The reason it needs to be there is because when a new product is a me too product over being a new product, the primary competition ends up being "do nothing" instead of "do it different and or better"
Not that it is a bad chip. I think it is brilliant. It's not about that.
Diluting the core differentiator reduces the ability to set expectations aligned with the core strengths, and it does so by validating them. Once validated, the thing which was a core strength now becomes a nice option, and differences now become sales exceptions. No JTAG? How come interrupts are so goofy on your chip? What do you mean I have to do X, Y, Z in C to make it work? ETC...
Worse, special features become costs, and that too becomes an exception, all of which favor the established players, not the updtart looking to own a niche.
I've been around the block a few times on various new technology launches, and I've seen this play out enough times to be concerned, and so I'm going to express that concern because I like everybody here, thing Chip is brilliant, Parallax awesome, and so forth. The people here are sharp as all get out too. I learn something excellent nearly every day.
I sure am not going to return the favor by failing to share my experiences in like kind.
What happens, happens, but it won't have happened eyes closed. I value people here too much for that.

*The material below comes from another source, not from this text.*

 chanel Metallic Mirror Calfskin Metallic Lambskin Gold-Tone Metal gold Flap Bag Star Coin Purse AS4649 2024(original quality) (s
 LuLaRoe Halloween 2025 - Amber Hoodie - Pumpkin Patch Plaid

After chewing Chip's state save / restore with WIDE's over, it occurs to me that we may not even need an instruction to single-step!
...
Watch the PC in the saved state, as soon as you see it increment, stop the task being watched. (we may need to keep track of pipeline stage, or when an instruction completes)

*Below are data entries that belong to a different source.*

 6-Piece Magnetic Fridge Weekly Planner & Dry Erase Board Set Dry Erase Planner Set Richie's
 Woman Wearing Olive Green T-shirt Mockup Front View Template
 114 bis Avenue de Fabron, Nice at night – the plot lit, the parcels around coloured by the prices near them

I think this is supported and even simpler, as when I asked Chip some ways back about the precise phase of Task handovers, I think his reply inferred that a write to change taskmap, effectively resets the scanner too, so that means you can know/choose exactly which one of 16 cycles after the Write, you give to the Step Task.
The pipeline may move the execute point, but that will be stable.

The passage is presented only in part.